This is not to say higher usage necessarily equates to inefficiency and waste. A large manufacturing operation will dwarf a mini-plaza retail area in the amount of water used. A hotel may go through more water daily than a group of bed-and-breakfast cottages might in a month.
Throughout the years, Tucson Water has worked with its commercial customers to help them with water efficiency. “We do not ask our customers not to use water,” says Alan Forrest, director of Tucson Water. “Rather, we urge them to use water wisely and contact us for any assistance they may need.”
To that end, Tucson Water has five options to help businesses manage water use:
1. Is the water portion of your utility services statement extremely high? Are you unsure where water is used in your operation and how to account for it? Call Tucson Water for a “high water bill investigation.” Staff will perform a free basic water audit and show you what happens to the water after it passes through your meter. Graphs displaying your water use history for recent years and a map showing locations of your meter(s) are also provided.
2. There is a direct relationship between the amount of water used and the amount of energy needed for this and other aspects of your business operation. The City of Tucson, through Tucson Water and the Office of Conservation and Sustainable Development, offers free Green Business Certification audits designed to help establish a benchmark for sustainable business practices and to provide support to implement strategies to obtain set goals.
3. A significant percentage of a business’ water usage takes place in restrooms. Older, inefficient toilets and urinals can use four or five gallons per flush. Tucson Water has rebate programs designed to help defray the costs of installing WaterSense high-efficiency toilets and urinals, and water-free urinals. Rebates from $100 to $500 are available and staff will perform a pre-inspection to make sure you get the best-performing product available.
Got sinks? Do you know how many gallons of water per minute the aerators allow? Have a commercial food preparation kitchen? You might be surprised at how much water the rinse sprayers use. Tucson Water can provide a limited number of new high efficient aerators and rinse sprayers for free so you can evaluate performance and select the most efficient items for your business operation.
4. Tucson Water, in partnership with the University of Arizona and Pima County Cooperative Extension, hosts the Smartscape Professional Certification Series for Green Industry personnel (property managers, landscape maintenance and installation workers, nursery staff, landscape architects and designers, and other allied professionals). The free series focuses on landscape and irrigation management, two of the bigger challenges for businesses in managing water usage. Whether you maintain your landscape on your own, but particularly if you pay someone else for this service, it is a good idea to know what the best practices are to ensure your landscape looks its best, while minimizing the amount of water used.
5. Water Conservation Inspectors play an important role in helping commercial customers use water efficiently. The majority of their contact with business owners and managers usually involves water discharging from a property. Education, through a visit and walk-through inspection with the owner, manager, and landscape contractor, normally resolves any issues; however, the Tucson City Code provides enforcement options if violations are not addressed or are continually repeated.

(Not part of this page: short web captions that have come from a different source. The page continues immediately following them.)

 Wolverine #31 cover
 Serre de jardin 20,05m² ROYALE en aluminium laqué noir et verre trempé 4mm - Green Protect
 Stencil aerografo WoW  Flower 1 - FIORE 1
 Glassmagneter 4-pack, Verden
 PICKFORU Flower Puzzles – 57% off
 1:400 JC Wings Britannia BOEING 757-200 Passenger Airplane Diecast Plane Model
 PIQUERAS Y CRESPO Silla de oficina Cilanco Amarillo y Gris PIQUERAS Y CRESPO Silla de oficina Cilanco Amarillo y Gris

Business owners and managers focus on longer-term goals for success. The idea is to not only sustain their operation, but thrive. Tucson Water’s goals are similar: Manage the water supply so everyone will prosper in the decades to come.

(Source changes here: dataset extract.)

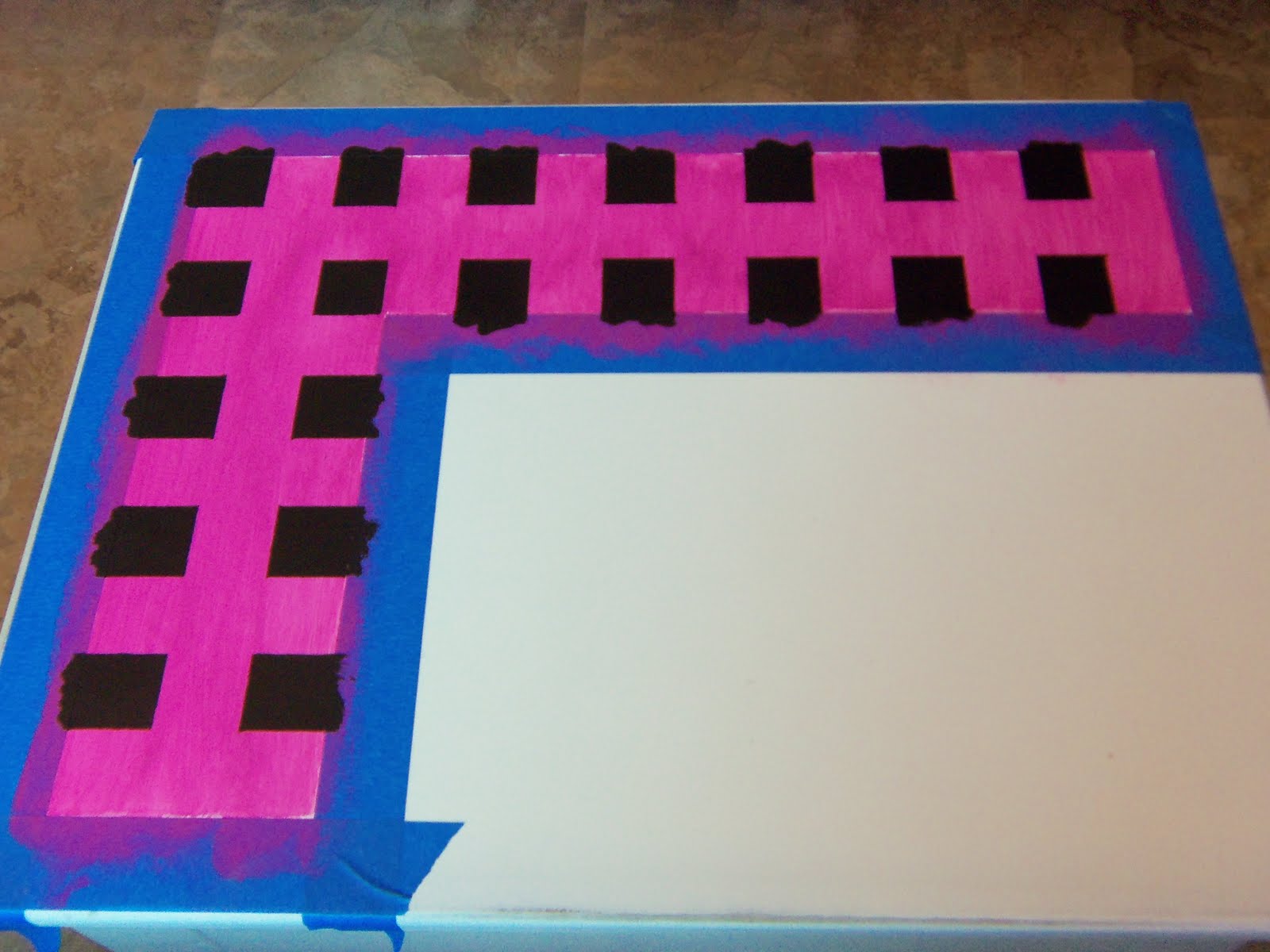 Tinkering Around Painting a Checkerboard without a Stencil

An important component for both parties is the Drought Response Plan and the four response stages that would be declared based on threats to Tucson Water’s Colorado River supplies or local system indicators that signify negative impacts to the utility’s groundwater supplies. Watch for more information about the plan and how it will impact commercial customers.
“Our programs are designed to meet the needs of the business owner and manager,” says Daniel Ransom, conservation program manager for Tucson Water. “While we are working to ensure that our businesses can manage water use to save water and money in a cost-effective way over the long term, we also need to consider that Stage 2 drought conditions kick in another set of measures. Our program is designed to prepare businesses for managing water during drought.”